I will try to reduce this confusion, I am not yet sure how.

But likely it will include customized distance thresholds for when POI is considered as gone (for some spiders it should be 15m, for some 1500m).

Next regeneration of data will be published with lower threshold for distance when object is considered as missing. If this goes well I will reduce it further, maybe eliminating gray area completely.

Or maybe it should be listed as a separate category?


I just drafted something that should report it as a separate category, lets see how well it will work.

for now it is kind of blocked by misusing several tools in my tech stack :slight_smile:

one of funniest part is that commit of multitude of generated static files for publication takes multiple hours

I will try gray area listing of away, but not very far away, if that will not explode processing I will try listing also successes.

In such case both will match the same object without spotting problem.
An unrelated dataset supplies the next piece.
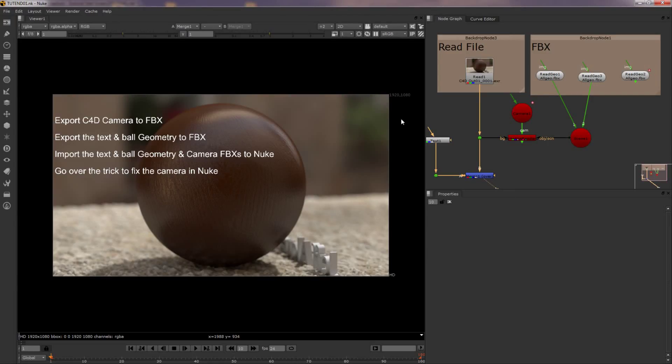Hey guys, in this video I'm going to show you how I export my camera from Cinema 4D into Nuke. I'm making this video because I've had this issue a bunch of times and it took me forever to figure it out.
I considered doing this but ATP data in general is not good enough for that on a global scale. Too many shop on the wrong continent or misplaced by several kilometres.

It is still in vague plans but I am not planning to do any time soon. Maybe for few spiders with known excellent quality?

This would allow to compute an interesting new metric: The average (or 90th percentile?) distance between ATP and OSM coordinates. This would give you some measure of the location accuracy per brand. And that in turn might be used to decide how much to trust ATP locations when proposing to add them.